In 1995, Nora Guthrie had invited alternative folk-rocker Billy Bragg to select some lyrics from the archives to be set to music and then to be recorded commercially. Bragg then invited the alt-country band Wilco to help complete the project. Wilco and Bragg released 2 acclaimed "Mermaid Avenue" albums in 1998 and 2000, using Woody's lyrics set to their own musical compositions. Also, a film documentary Man in the Sand. was released documenting not only the making of the Mermaid Avenue albums but also Bragg's exploration of Woody Guthrie's origins in hometown Okemah, Oklahoma. Many other collaborative projects by others have followed.

== Posthumous collaborations ==
Following is a comprehensive list of commercial recordings containing songs which have lyrics written by Woody Guthrie and music subsequently written by others:

- 1970 - Country Joe McDonald - "Woman at Home", sung at a group Woody Guthrie tribute concert at Hollywood Bowl and broadcast via PBS television (single track, appearing also on the 1986 audio soundtrack album of the concert, album title A Tribute to Woody Guthrie)
- 1998 - Billy Bragg & Wilco - Mermaid Avenue (album), with guest vocalist Natalie Merchant on tracks 3 & 4.

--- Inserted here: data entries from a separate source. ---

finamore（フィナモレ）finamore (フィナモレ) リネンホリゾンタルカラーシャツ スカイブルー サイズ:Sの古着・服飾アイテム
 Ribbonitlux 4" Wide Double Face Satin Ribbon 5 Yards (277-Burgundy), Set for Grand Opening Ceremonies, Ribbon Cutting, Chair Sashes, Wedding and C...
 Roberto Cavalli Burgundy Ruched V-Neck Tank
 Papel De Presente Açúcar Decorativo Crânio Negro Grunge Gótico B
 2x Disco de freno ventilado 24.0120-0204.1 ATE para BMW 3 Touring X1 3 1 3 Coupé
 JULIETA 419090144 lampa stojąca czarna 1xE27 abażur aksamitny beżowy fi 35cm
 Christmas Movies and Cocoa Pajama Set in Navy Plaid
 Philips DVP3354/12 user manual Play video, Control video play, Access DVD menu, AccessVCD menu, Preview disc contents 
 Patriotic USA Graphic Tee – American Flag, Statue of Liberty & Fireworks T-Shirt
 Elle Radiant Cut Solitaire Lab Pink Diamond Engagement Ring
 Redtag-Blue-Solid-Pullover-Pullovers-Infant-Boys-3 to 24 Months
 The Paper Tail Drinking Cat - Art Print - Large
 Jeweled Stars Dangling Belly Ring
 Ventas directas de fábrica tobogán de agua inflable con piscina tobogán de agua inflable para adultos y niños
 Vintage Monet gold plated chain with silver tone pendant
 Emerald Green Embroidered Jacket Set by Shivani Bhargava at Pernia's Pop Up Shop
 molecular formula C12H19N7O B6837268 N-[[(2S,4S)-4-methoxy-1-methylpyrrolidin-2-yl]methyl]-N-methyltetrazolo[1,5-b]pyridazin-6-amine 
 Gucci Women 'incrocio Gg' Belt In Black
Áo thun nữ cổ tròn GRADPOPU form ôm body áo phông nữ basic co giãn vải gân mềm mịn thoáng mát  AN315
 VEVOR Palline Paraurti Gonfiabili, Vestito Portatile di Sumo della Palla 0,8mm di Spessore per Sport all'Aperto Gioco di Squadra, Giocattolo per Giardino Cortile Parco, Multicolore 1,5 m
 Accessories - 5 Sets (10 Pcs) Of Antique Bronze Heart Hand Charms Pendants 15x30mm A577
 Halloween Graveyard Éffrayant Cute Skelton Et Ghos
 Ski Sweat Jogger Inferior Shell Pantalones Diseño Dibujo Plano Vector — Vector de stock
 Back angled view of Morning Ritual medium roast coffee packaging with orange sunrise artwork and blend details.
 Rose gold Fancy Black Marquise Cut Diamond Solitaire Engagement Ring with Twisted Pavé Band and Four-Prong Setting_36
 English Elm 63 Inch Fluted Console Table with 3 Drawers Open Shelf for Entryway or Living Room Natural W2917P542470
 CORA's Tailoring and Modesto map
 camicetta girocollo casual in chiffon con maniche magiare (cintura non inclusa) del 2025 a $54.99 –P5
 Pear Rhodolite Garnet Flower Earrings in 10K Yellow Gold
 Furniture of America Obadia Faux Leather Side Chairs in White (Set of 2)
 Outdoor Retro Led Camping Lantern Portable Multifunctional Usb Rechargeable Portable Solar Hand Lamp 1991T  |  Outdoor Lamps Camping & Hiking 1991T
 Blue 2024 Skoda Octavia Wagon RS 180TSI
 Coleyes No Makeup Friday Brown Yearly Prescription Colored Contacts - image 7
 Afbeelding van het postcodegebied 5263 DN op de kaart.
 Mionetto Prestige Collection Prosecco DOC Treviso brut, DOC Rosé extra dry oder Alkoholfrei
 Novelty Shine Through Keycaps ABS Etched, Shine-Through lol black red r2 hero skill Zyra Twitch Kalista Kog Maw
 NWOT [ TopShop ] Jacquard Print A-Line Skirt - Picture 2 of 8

- 1999 - Billy Bragg & Wilco - She Came Along to Me (EP) - the title track is a single from the 1998 album, with alternate versions of 2 other tracks from that album, plus 2 additional tracks that were later included in Volume III.
- 1999 - Red Dirt Rangers - "Cadillac Eight" (single track, on their album Rangers Command).
- 1999 - Billy Bragg & the Blokes - "All You Fascists" (single), this is the B-side of "Upfield" and is a loping-rhythm version of the song which was rendered with a more driving rhythm on Mermaid Avenue Vol. II. The Blokes single version also appeared on disc 2 of the 2003 Billy Bragg compilation album Must I Paint You a Picture.
- 2000 - Billy Bragg & Wilco - Mermaid Avenue Vol. II (album), with guest vocalists Natalie Merchant and Corey Harris featured on one track each - this album was culled from the same recording sessions as the 1998 album.
- 2000 - Arlo Guthrie and various artists - Till We Outnumber 'Em (album) - (this is mostly not Woody's songs, but one track is Billy Bragg's vocal of "Against th' Law", previously sung by Corey Harris).
- 2000 - Slaid Cleaves - "This Morning I Am Born Again" (single track, on his album Broke Down)
- 2000 - The Vanaver Caravan - Pastures of Plenty (album) - this is mostly Woody Guthrie covers, but 2 of the songs ("Gipsies Fortune" and "Just One More Time") have melodies written by Bill Vanaver.
- 2000 - The Autumn Defense - "Revolutionary Mind" (single track on their album The Green Hour).
- 2000 - Joel Rafael Band - a cover of the Bragg/Guthrie song "Way Over Yonder in the Minor Key" (single track, on their album Hopper).
- 2001 - Kim Wilson - 2 songs ("Bigger" and "New Baby Train") on a multiple-artist collection of Woody's children's songs called Daddy-O Daddy. These are the only songs that are not straight Woody Guthrie covers (tune of "Bigger" and part of the tune of "New Baby Train" written by Frankie Fuchs).
- 2002 - Ellis Paul - "God's Promise" (single track, on his album The Speed of Trees)
- 2002 - Jay Bennett & Edward Burch - The Palace At 4AM (Part 1) contains two songs, "No Church Tonite" and "Little White Cottage" with music written by Bennett
- 2003 - Jay Bennett & Edward Burch - Palace 1919 contains demos/alternate versions of "No Church Tonite" and "Little White Cottage"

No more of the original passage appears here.